Motion to Suppress – Field Sobriety Test
COMES NOW the Defendant, by and through his undersigned attorney, pursuant to Rule 3.190(h), Florida Rules of Criminal Procedure, and respectfully moves this Court to suppress any and all evidence seized and/or obtained from Client, including the officers’ observations, the results of the Field Sobriety Exercises (“FSE”), any written or oral statements, the results of the Implied Consent procedures, and the results of the breathalyzer test, and in support thereof, states as follows:
1. The Client was arrested on September 15, allegedly for Driving Under the Influence (“DUI”).
2. The Stopping Officer, C. G. N., Arresting Officer, J. K. H., and the Breath Test Operator, R. A. H., testified at a Florida Department of Highway Safety and Motor Vehicles (FHSMV) Formal Review Hearing (“Hearing”) on March 10. All three officers are employed by the Jacksonville Sheriff’s Office.

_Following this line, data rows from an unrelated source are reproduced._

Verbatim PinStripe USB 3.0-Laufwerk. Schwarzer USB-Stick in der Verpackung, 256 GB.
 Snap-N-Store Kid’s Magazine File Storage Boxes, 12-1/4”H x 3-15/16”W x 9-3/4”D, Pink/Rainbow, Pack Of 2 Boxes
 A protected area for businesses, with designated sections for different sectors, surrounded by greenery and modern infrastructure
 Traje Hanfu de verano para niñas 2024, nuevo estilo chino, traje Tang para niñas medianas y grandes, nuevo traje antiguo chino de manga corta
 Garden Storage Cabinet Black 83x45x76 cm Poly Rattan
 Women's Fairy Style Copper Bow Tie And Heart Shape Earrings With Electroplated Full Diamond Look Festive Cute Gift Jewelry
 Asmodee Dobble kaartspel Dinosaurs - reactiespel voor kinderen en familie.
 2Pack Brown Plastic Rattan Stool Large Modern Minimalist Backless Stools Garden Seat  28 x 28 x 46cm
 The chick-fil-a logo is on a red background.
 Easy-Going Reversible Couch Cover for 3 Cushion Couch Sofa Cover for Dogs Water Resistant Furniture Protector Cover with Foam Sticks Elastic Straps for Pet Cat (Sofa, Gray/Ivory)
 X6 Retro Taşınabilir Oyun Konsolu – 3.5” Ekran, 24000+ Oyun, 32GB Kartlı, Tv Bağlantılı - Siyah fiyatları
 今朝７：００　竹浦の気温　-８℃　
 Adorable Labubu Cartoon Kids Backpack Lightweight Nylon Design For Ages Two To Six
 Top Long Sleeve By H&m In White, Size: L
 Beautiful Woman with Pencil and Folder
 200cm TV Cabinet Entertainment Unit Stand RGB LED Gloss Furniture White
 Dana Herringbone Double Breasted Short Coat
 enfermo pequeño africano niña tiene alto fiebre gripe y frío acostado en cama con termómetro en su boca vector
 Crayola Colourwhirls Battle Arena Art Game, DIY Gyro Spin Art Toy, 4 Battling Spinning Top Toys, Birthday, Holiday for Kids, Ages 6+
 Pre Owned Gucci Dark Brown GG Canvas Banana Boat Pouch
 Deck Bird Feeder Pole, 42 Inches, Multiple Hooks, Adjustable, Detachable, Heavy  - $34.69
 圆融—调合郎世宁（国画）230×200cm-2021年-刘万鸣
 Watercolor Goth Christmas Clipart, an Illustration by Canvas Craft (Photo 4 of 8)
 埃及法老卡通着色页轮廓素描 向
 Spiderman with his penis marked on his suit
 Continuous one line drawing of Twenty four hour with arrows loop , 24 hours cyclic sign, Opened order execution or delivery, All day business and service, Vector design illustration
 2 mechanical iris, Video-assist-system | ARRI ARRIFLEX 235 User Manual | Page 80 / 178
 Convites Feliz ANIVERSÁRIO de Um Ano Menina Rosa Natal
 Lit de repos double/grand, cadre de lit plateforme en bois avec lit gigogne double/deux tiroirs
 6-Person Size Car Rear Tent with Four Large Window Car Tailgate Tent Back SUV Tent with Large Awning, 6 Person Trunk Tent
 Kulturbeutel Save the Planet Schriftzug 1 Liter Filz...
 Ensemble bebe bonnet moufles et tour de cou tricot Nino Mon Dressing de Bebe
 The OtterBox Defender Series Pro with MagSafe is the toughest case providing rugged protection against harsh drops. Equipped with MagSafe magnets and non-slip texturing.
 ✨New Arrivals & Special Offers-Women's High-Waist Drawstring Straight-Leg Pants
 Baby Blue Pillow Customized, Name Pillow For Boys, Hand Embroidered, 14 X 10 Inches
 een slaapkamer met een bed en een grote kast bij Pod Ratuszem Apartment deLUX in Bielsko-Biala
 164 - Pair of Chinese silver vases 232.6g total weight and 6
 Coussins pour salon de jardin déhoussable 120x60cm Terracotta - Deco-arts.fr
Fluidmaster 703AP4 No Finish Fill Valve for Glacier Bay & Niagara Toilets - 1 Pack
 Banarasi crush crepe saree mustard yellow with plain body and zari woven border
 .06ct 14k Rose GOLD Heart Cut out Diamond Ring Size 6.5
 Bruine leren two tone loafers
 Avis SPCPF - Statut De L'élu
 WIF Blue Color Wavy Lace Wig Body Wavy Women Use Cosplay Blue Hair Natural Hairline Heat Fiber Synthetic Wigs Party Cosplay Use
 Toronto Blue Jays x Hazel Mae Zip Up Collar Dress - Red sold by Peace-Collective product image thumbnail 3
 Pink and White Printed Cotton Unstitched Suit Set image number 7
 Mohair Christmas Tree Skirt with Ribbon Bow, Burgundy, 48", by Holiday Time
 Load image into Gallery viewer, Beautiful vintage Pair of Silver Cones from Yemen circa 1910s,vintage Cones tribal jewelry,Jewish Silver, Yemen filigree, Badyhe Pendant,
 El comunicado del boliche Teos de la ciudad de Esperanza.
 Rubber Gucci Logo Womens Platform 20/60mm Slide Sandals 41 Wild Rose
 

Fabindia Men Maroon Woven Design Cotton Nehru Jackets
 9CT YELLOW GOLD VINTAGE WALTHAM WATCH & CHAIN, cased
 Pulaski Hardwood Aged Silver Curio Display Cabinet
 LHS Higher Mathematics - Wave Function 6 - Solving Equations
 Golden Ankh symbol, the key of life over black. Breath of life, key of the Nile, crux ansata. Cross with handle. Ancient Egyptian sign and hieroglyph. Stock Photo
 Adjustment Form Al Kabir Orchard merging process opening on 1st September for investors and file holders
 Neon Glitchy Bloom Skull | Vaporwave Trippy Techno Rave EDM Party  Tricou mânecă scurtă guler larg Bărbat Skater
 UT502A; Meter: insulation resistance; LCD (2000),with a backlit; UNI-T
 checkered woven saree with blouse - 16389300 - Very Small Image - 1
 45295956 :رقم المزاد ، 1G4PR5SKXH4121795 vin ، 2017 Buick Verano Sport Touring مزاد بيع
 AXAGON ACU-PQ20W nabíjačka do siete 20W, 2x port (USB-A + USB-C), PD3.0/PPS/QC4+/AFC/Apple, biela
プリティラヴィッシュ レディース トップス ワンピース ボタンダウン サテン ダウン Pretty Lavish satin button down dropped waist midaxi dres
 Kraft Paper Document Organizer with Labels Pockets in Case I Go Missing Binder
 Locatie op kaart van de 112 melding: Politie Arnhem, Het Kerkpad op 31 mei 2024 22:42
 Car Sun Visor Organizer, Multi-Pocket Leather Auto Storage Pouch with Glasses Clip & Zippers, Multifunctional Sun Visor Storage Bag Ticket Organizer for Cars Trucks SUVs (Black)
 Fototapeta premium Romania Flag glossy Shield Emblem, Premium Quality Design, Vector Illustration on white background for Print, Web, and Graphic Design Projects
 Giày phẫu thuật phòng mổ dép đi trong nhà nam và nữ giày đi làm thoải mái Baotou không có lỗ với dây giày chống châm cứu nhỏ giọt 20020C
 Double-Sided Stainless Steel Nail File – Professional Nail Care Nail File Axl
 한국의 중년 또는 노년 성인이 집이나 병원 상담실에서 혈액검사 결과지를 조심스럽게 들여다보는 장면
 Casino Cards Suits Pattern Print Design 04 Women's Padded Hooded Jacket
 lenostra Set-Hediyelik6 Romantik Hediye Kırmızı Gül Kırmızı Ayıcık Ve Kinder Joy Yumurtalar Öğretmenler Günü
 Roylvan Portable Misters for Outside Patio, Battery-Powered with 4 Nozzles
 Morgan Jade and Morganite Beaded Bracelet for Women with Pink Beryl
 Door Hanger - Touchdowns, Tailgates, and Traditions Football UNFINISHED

3. Officer C. G. N. testified he was stopped in a parking lot adjacent to the parking lot where the Client’s vehicle was traveling. Officer C. G. N. testified that he was approximately twenty-five (25) yards away in an adjacent parking lot. Tr. at 13:16.
4. When Officer C. G. N. first observed the vehicle being allegedly driven by the Client, the vehicle was already in motion. Tr. at 13:10. This testimony is consistent with the Arrest and Booking Report (at 3), which reports Officer N. stating: “As the suspect pulled out from the parking lot, Off. N. observed the suspect spin his tires on his vehicle while he was accelerating.” Thus, clearly, the Client’s vehicle was moving when Officer N. first saw it, and allegedly saw tires spinning.
5. The movement of the Client’s vehicle did not endanger any other vehicles or property (Tr. at 18:11-14), and Officer N. did not observe anything else noteworthy about the manner in which the Client’s vehicle exited the parking lot (Tr. at 15:7-10).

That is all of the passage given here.